Graeme Angus

Personal information
- Born: 17 May 1971 (age 54) Newcastle upon Tyne, England
- Batting: Right-handed
- Bowling: Right-arm fast-medium

Domestic team information
- 1994: Northumberland County Cricket Club

Career statistics
| Competition | LA |
| Matches | 7 |
| Runs scored | 21 |
| Batting average | 5.25 |
| 100s/50s | 0/0 |
| Top score | 10 |
| Balls bowled | 414 |
| Wickets | 10 |
| Bowling average | 29.70 |
| 5 wickets in innings | 0 |
| 10 wickets in match | 0 |
| Best bowling | 2/25 |
| Catches/stumpings | 6/– |
- Source: CricketArchive, 14 August 2008

= Graeme Angus =

English cricketer

Graeme Angus (born 17 May 1971) is an English cricketer who played for Northumberland County Cricket Club.

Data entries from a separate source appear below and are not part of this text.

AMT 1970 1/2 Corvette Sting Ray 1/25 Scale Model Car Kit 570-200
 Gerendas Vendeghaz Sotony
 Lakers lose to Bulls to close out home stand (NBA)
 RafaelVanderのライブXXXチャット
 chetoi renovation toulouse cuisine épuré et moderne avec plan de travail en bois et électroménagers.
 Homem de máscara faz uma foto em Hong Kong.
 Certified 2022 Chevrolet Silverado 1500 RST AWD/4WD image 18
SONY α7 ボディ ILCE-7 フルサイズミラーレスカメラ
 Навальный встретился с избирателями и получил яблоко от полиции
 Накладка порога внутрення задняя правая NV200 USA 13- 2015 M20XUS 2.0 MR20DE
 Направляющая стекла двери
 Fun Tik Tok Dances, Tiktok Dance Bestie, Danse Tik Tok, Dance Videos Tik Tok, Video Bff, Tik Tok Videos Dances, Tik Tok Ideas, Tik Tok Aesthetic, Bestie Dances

His highest score of 10 came when playing for Northumberland in the match against Nottinghamshire. His best bowling of 2/25 came when playing for Northumberland in the match against Staffordshire.

He played 64 Minor Counties Championship games for Northumberland, and 20 games for Northumberland in the Minor Counties Trophy.

Also he played 4 games in the Second Eleven Championship.